Watched Evan Almighty last night. Not bad. Of course, sequels are never live up to the original. But for some reason, in the middle of the one of the worst nights of my life, it became clear.
God gives the ark. That’s how you know.
Noah’s ark. Jonah’s whale-belly. The disciples’ boat. They all were out, living in the midst of a storm, a storm that God can control (as seen in the disciples’ boat example), but that’s not how God chooses to show us his love. He doesn’t get rid of storms, he gives us a place of comfort in it. The ark still endured the storm.

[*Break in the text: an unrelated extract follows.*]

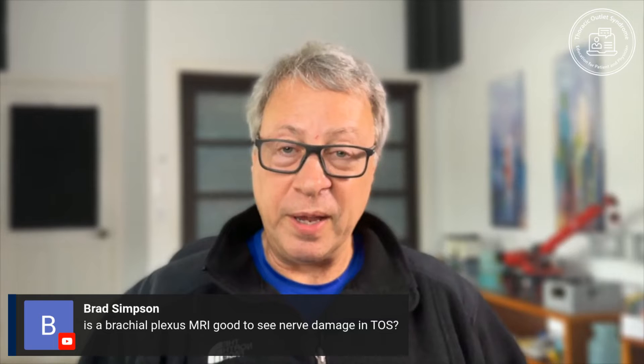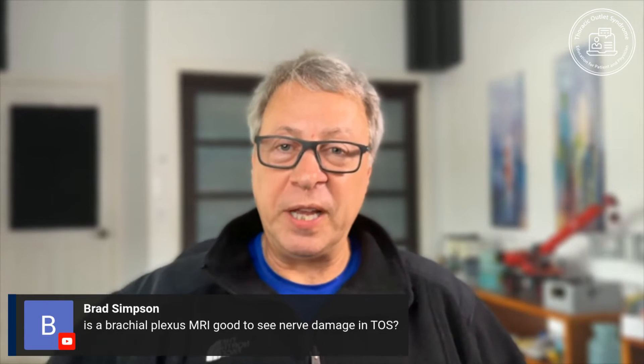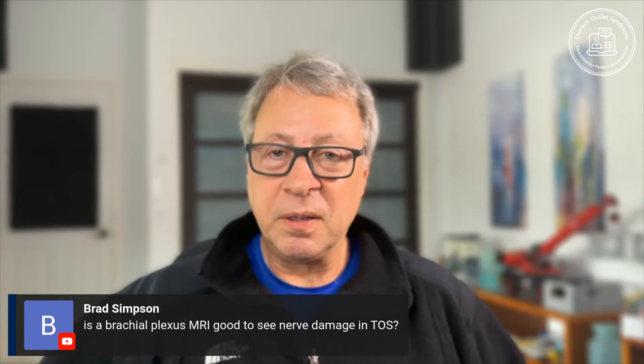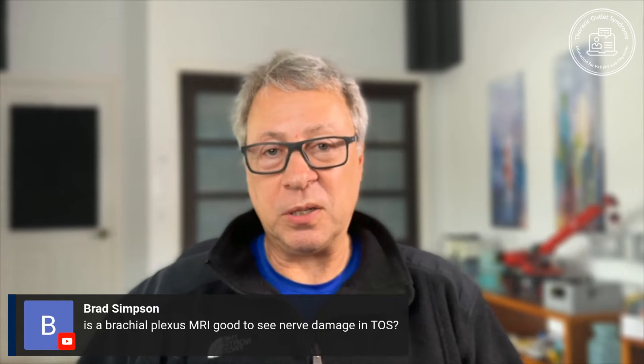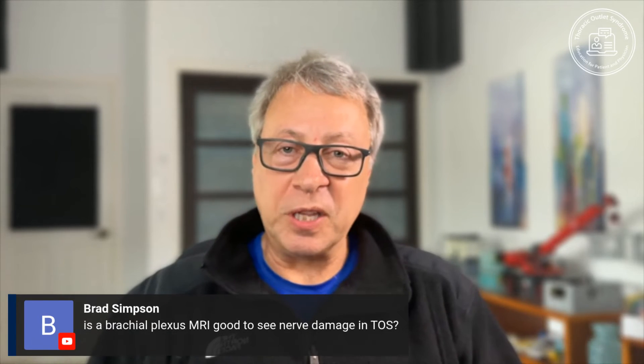If you do MR neurography and get great pictures of the nerves with everything else nulled out, then you have no idea what is compressing the brachial plexus. You need other parts of the test.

Jonah still got tossed around. The disciples still got wet. But they were in the presence of a loving God that gave refuge, a sense of peace in the midst of that which could not be controlled.
A common theme to early civilizations (we’re talking pre-pre-anything. The time that the Pentateuch was written) was the idea of “toe-voo va boe-hoo” (that’s transliterated Hebrew. sorry, no hebrew font on this app, and I’m not sure i could remember how to spell it). The uncontrollable waters. The place where, if you upset the gods who lived there, you were sure to die. A place of refuge was necessary for life to continue.
So, when Jesus calmed the storm, that was a pretty big deal. When God “hovered above the waters”, also a big deal. God is bigger than that and is in control of all that.
So why doesn’t he just make nice waters all the time? Why the storms?
Because then we’d never enter the ark. We’d never need the presence of Jesus. We’d never reconsider that maybe we’re headed in the wrong direction (in the case of Jonah). We’d never see how good God truly is because we’d never recognize our need for him in the storms.
God doesn’t choose to give us bad things, storms. And they’re not outside of his control.
My favorite line from the movie last night was Morgan Freeman’s jaunt on opportunity. He said, “When someone prays for patience, does God just make you patient or does he give the opportunity to become a more patient person? Or when someone prays for the family to become closer, does He give you warm, happy feelings or the opportunity to do something together?”
When we cry out to God in the midst of a storm, does God take away the storm or give you the opportunity to find refuge in Him?
(I also have thoughts on the “knowledge of good and evil” and the curse. But that shall come later. )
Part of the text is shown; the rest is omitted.